I recoiled back in disbelief and glanced at the salesperson for a sympathetic nod.
“And don’t touch me either! In fact, I recommend that you just shut your big mouth up now before you kill this poor woman,” she abruptly added, her eyes dilated in sisterhood rage.
I thought it wise to heed her advice.
When the color returned to her cheeks, we left the mall—earrings would wait another day. During the drive home, I received a rather robust and ribald tongue lashing that continued out of the car, up the stairs, and into our second floor apartment. Upon its completion, I was sentenced to nine days of the silent treatment. Real silent I might add—she was a professional. It deserved me right!
Needless to say, I remained on best behavior for about twenty three months. By then her pain was pretty much over. I, on the other hand, continued to endure some residual humiliation during public apology appearances. It was part of my confession tour, an idea I came up with as a way to channel the negative vibes into positive energy—or something like that.
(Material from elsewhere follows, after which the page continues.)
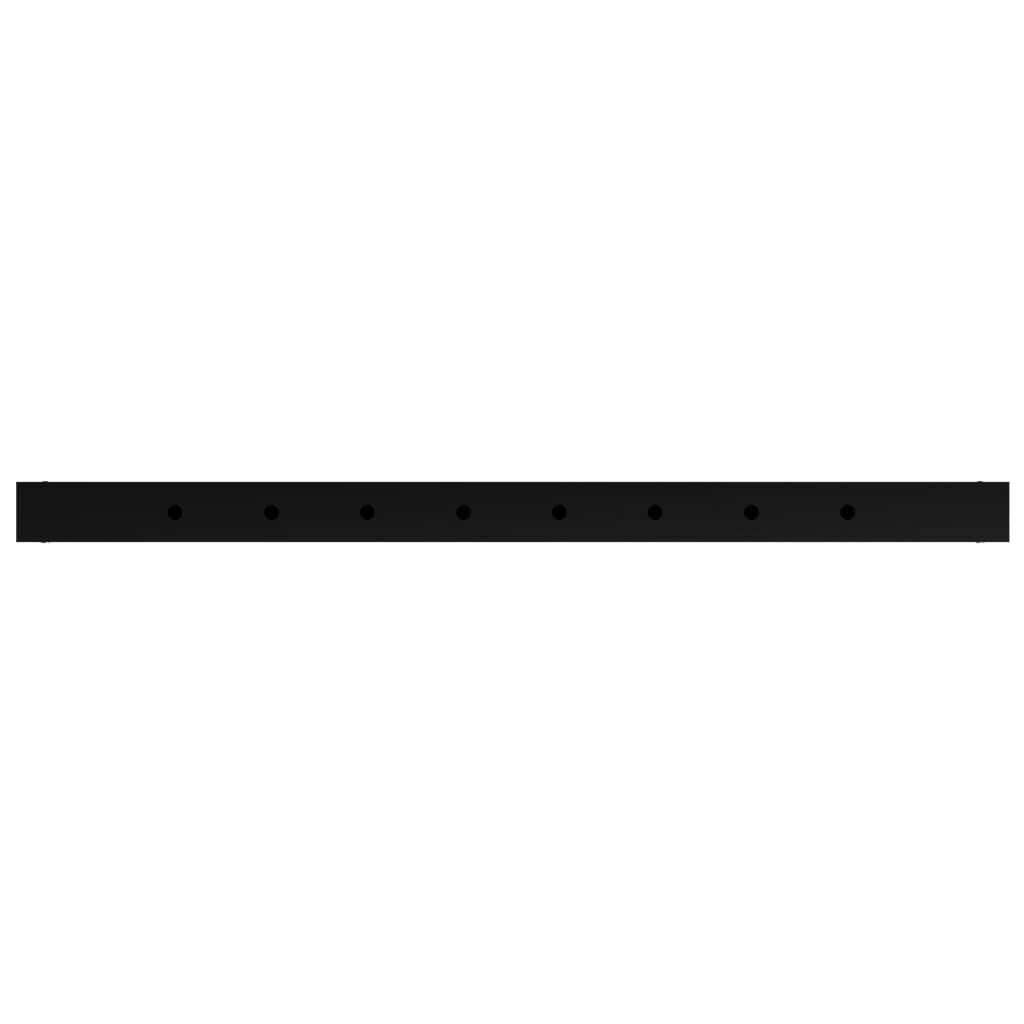 vidaXL Adjustable Work Bench Frames 2 pcs Metal 85x(69-95.5) cm Black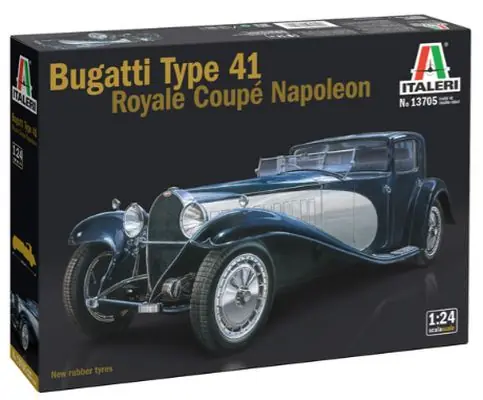 Bugatti Type 41 Royal Coupè Napoleon 1/24 - ITALERI 13705 Spedizione Espresso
Occasional public shame though was small potatoes compared to what could have (and probably should have) transpired. The reality is, if she had a gun on her person at the time, I’d be history. If the salesperson had a gun, I’d definitely be history. In fact, if anyone had a gun within a square mile of the mall, I’d certainly, definitely be history. But my life was spared. I believe it was so that I might live to talk about it with you today.
So there you have it. An amazing story huh?
Anyway, that is what I always end up thinking about every time my son’s birthday arrives—a haunting memory of a moment’s inappropriate indulgence in vile self absorption. It’s enough to make me question whether I can ever fully rejoin the human race.
In closing …
I’ve been sorry about a boat load of things in my life but never more fully or sincerely as I was after that episode of unexplainable senselessness. It was all my own doing too. Couldn’t blame it on a bad day at work. Couldn’t blame it on the media. Couldn’t blame it on the weather. Couldn’t even blame it on my mom wooden-spooning my sorry childhood buttocks. It’s one hundred percent owned by me.
And I’m just as sorry today as I was twenty two years ago! Actually, my remorse is greater, almost universal. In fact, I want to apologize to all women of all species who were pregnant, are pregnant, trying to become pregnant, thinking about becoming pregnant, or just learning to spell ‘pregnant’. I am very sorry for the monumental insensitivity I exhibited that day at the expense of one of your sisters.
As for you men or “same-sexer partners” out there who plan to play a supportive role in the whole pregnancy thing some day, listen up! Learn from my folly. Teach others so they may not walk in my steps. Remember!
Never, ever go to the mall with a pregnant person.